プラセンタ療法とアトピー性皮膚炎

アトピー性皮膚炎の原因として、遺伝的素因の皮膚の最外層の角質層の異常がよく知られています。体外からのアレルギー物質(アレルゲン)が体内に入り込みやすくなってしまい、体内に侵入してきたアレルゲンに対して免疫システムが過剰反応を起してしまいます。この免疫システムは肥満細胞と呼ばれる細胞と結合していて、アレルゲンと反応すると肥満細胞がヒスタミンを分泌する仕組みになっています。そしてこのヒスタミンが皮膚に皮膚炎を起こさせ、「かゆみ」を感じさせるのです。かゆみにより掻いてしまうとさらに皮膚表面の角質層を破壊し、さらにアレルゲンが入り込むという悪循環を起こしてしまいます。

かゆみを止めるのに使用される薬にステロイド剤や、抗ヒスタミン薬や抗アレルギー剤が有名です。
花粉症でも『抗ヒスタミン剤』が使われていることがテレビCMでも放映されていますが、アトピー性皮膚炎の場合ステロイド剤を使用していることが一般によく知られています。アレルギーに対してステロイド剤は強力な効果を発揮する一方で、副作用もあるのです。長期間使用をしていると、皮膚の繊維芽細胞を破壊してしまうこととなり、皮膚が薄くなってしまうのです。

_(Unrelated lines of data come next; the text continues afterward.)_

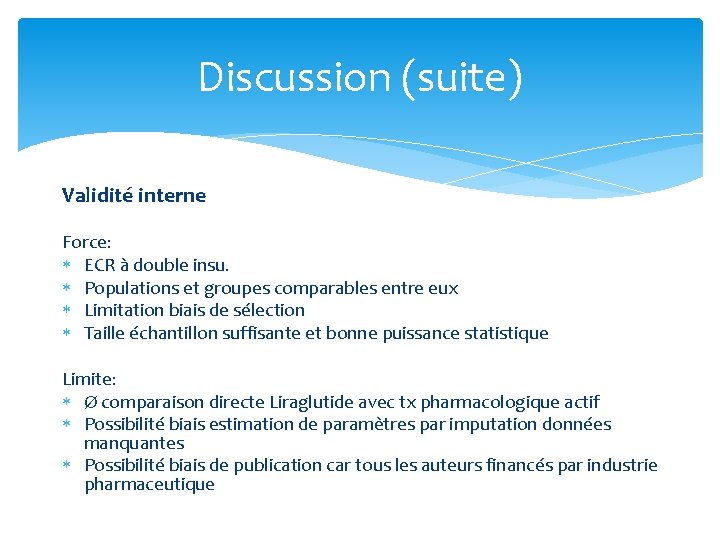 Discussion (suite) Validité interne Force: ECR à double insu. Populations et groupes comparables entre Discussion (suite) Validité interne Force: ECR à double insu. Populations et groupes comparables entre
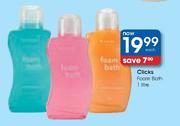 Clicks Foam Bath-1l Each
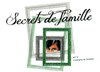 Secrets de Famille - Théâtre de l'Embellie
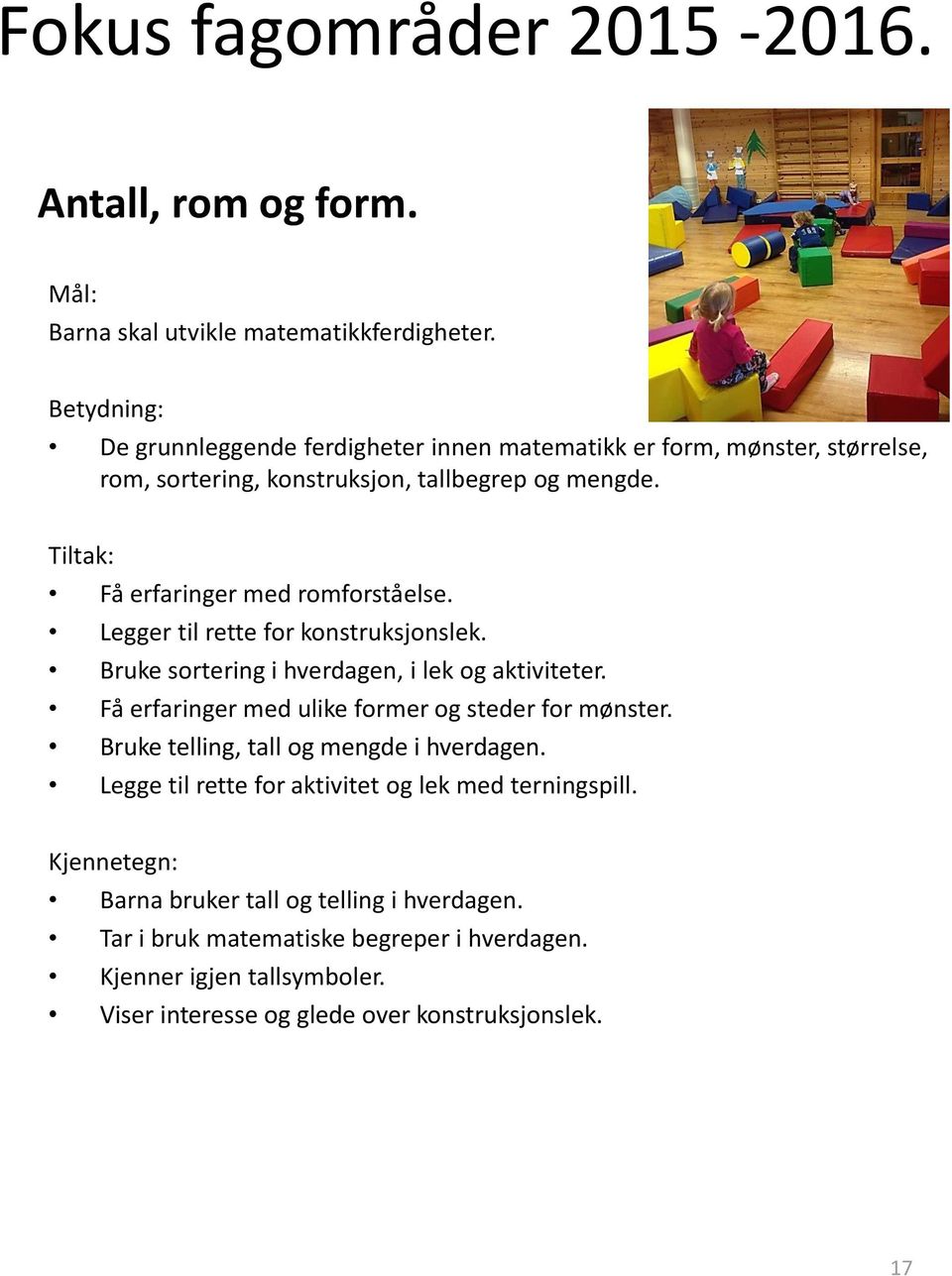 Tiltak: Få erfaringer med romforståelse. Legger til rette for konstruksjonslek. Bruke sortering i hverdagen, i lek og aktiviteter.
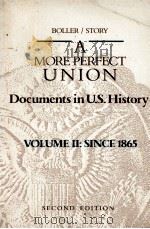 A MORE PERFECT UNION DOCUMENTS IN U.S.HISTORY SECOND EDITION 1988 PDF电子版封面 0395456908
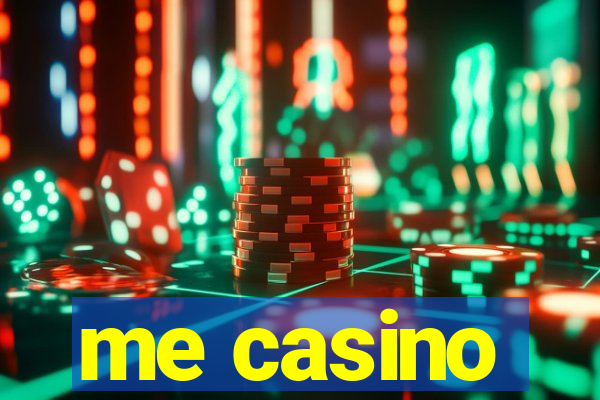 me casino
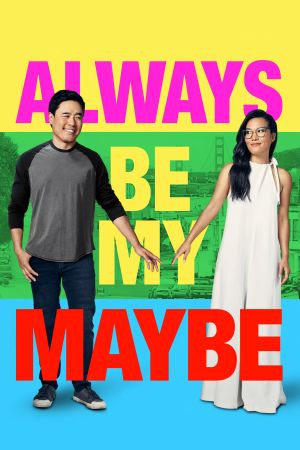 Always Be My Maybe Online Anschauen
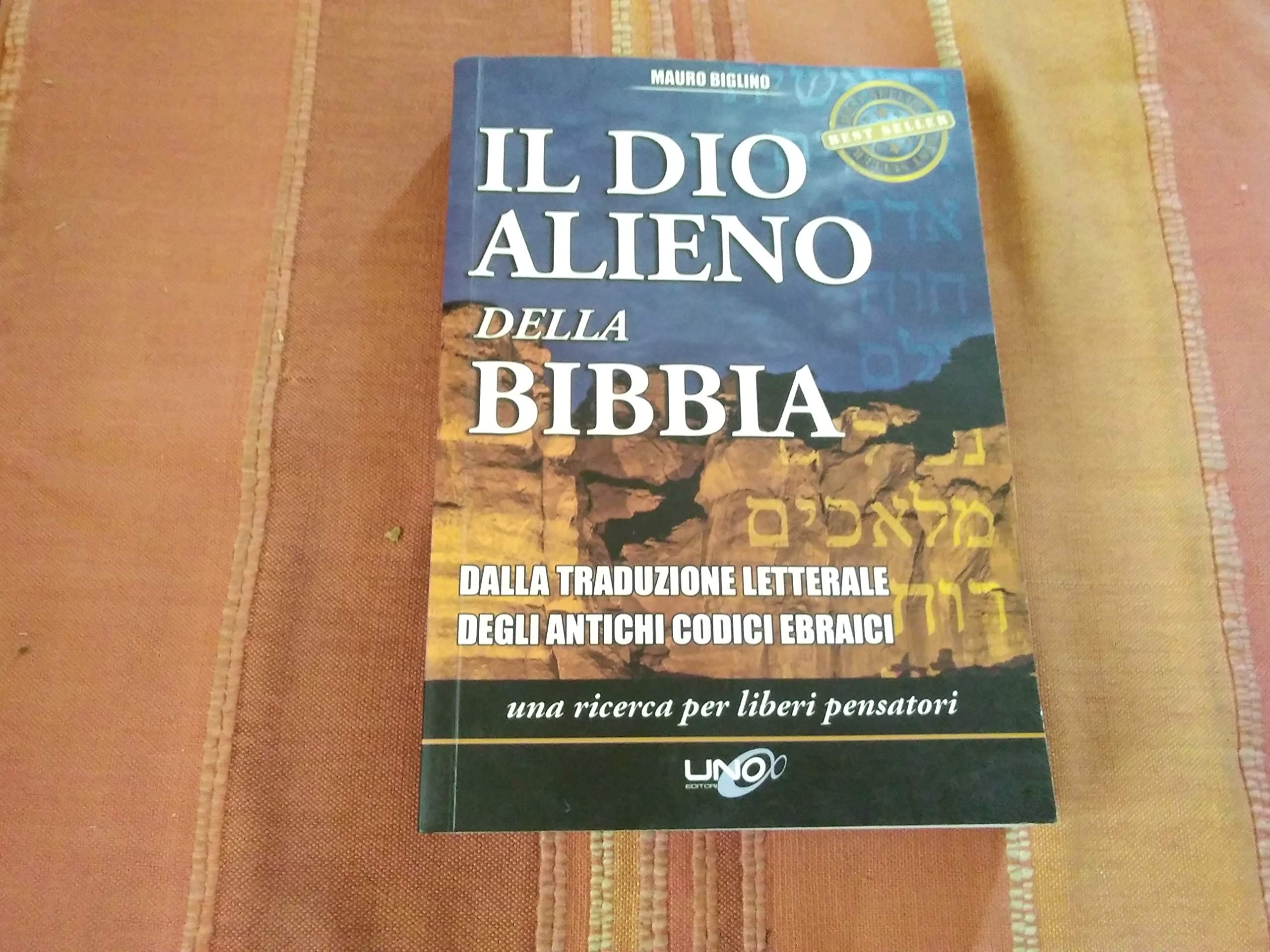 Il dio alieno della Bibbia. Dalla traduzione letterale degli antichi codici ebraici (Il libero sentiero) Religion & Esotericism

このステロイド剤の短所を、プラセンタ(胎盤)エキスを使用することで補うことが可能です。プラセンタの有効成分中には、上皮細胞増殖因子、線維芽細胞増殖因子と言われる有効成分が入っていて、ステロイド剤で破壊されてしまった線維芽細胞の増殖を促進させ、皮膚表面である表皮中の角質層の元となる上皮細胞をも増やすことになるのです。上皮細胞増殖因子・線維芽細胞増殖因子により繊維芽細胞や上皮細胞の増殖を促進させることで、健康な皮膚の生まれ変わり(ターンオーバー)を助け、お肌のトラブルに効果が期待できるということになるのです。

さらに、プラセンタは神経の過剰反応を抑制し、異常な「かゆみ」を抑えてくれます。プラセンタには悪い副作用もなく安心な治療法です。